Adidas Originals held a free party last week in Shanghai, with a strong lineup featuring by-now Shanghai regular ToKiMoNsTA, Pusha-T , Alesso and Fader One.
Overcapacity (reports suggest the venue had twice as many people as it could accommodate) and poor crowd control meant the police turned up in full force, shutting things down barely 5 minutes into Pusha T’s set. Things got ugly – lots of reported altercations.
The event was put together by ‘experiential marketing’ company APAX.
The anger afterwards was swift and merciless. A Wechat ‘Sight’ of folks dumping their Adidas shoes into a trashcan went viral, reposted among the hundreds of music groups across the platform.
This could have been avoided easily.
China has a paradoxical rule when it comes to those of us who work in the ‘alternative culture’ space:
Make your underground events professional, and your space to operate expands.
What that means is, once you’re past China’s cultural police, the actual police have only pragmatic concerns: safety, security, order.
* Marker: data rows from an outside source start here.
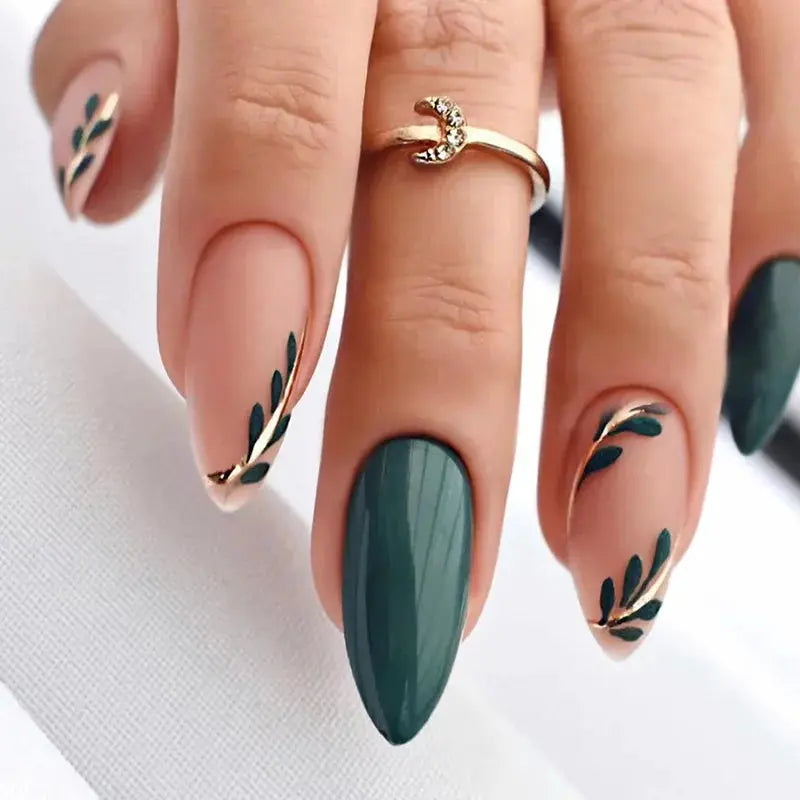 Almond Press On Nails | Acrylic Finish | Pearl Flower Design | 24 Piece Set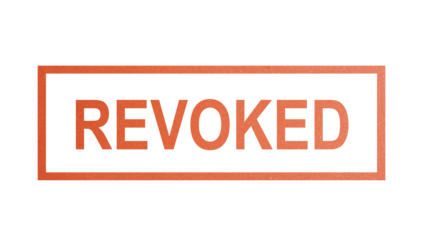 REVOKED. stamp with rough texture, rectangular frame.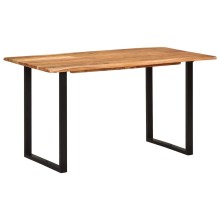 Трапезна маса в стил Industrial Modern, естествено масивно акациево дърво и черна стомана, 140 x 70 см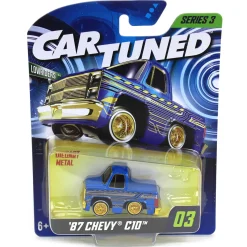 CarTuned 1987 Chevy C10 Pickup Truck, Blue & Gold, Mainline Series 3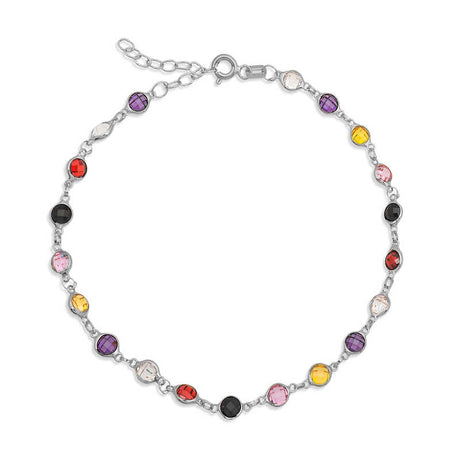 Anklet - Sterling Silver Multi-Color Gemstone Dainty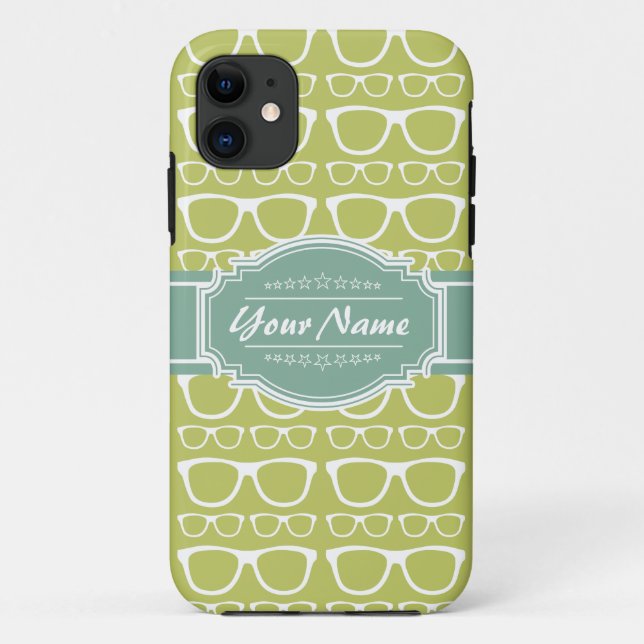 Green Geek Glasses Personalized Case-Mate iPhone Case (Back)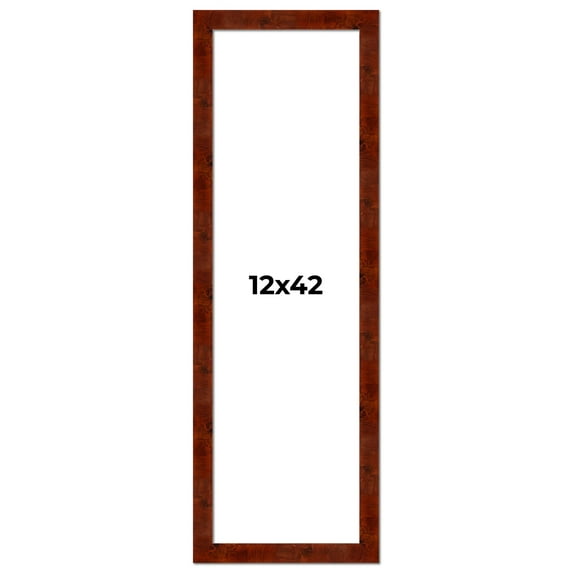 12x42 Walnut Brown Veneer Real Wood Picture Frame Width 1.75 inches | Interior Frame Depth 0.5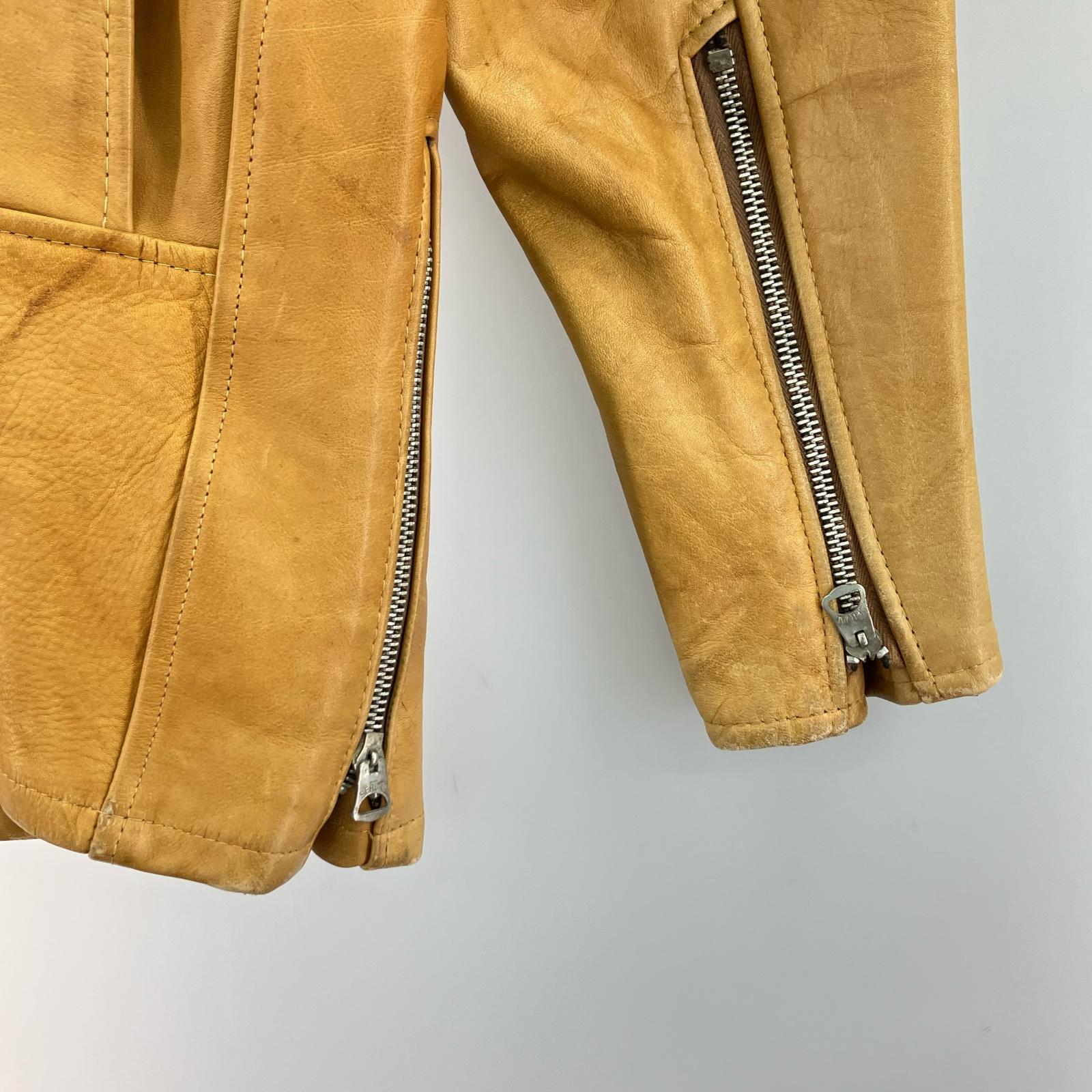 レザージャケット 推定70’s　キャメル シングルライダースジャケット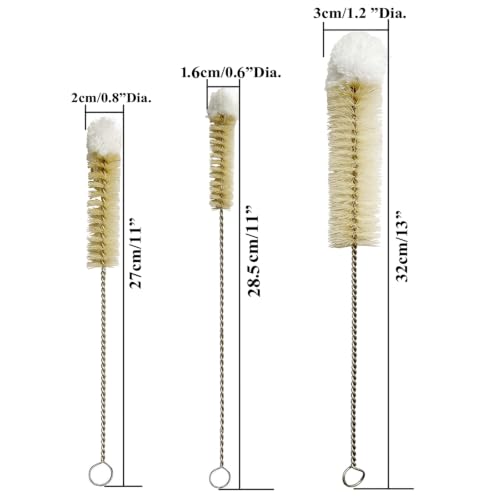 NewFerU Bottle Brushes Thin Long Handle X 3, Natural Boar Bristle Set - color: Natual - 3 Piece Set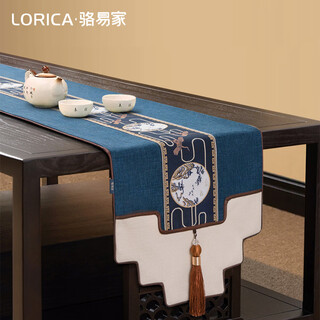 Luo yijia (lorica) new chinese style table flag, tea table cushion, tea table long tea table tablecloth, zen tea flag, tea mat, tea tablecloth, mingyueqingfeng-blue_waterproof model, table flag 33*120cm, suitable for table length 0.4m-0.7m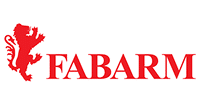Logo Fabarm rouge avec un lion héraldique rampant à gauche et le nom de la marque FABARM en lettres capitales.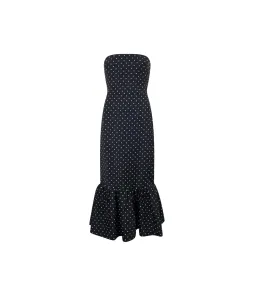 Odd Muse Strapless Peplum Midi Dress in Navy Polka Dot Size M / AU 10 for rent on The Volte - image 4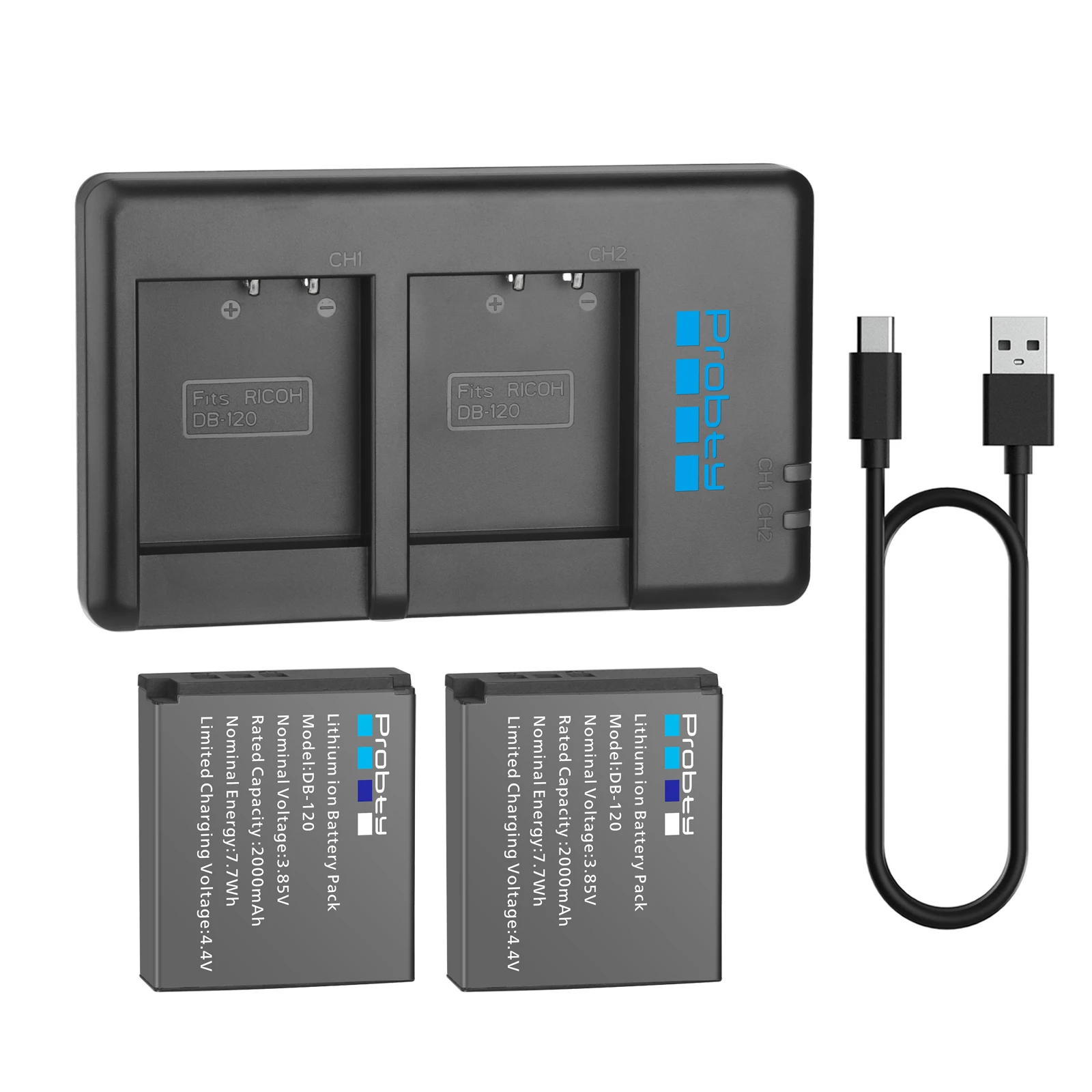 2000mAh DB-120 充電式バッテリー リコー GR Ⅳ GR4 カメラ用 DB-120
The authorities fear what they can’t understand (we’ve seen too many security personnel have conniptions at witnessing a moshpit).
For the most part, keep your block parties, after-parties, gigs and showcases professional, and the ‘alternative’ slowly becomes less of a threat. It’s disappointing that the fundamentals of event management were lax here – and this specific crackdown, as it so often does in China, may lead to more down the line.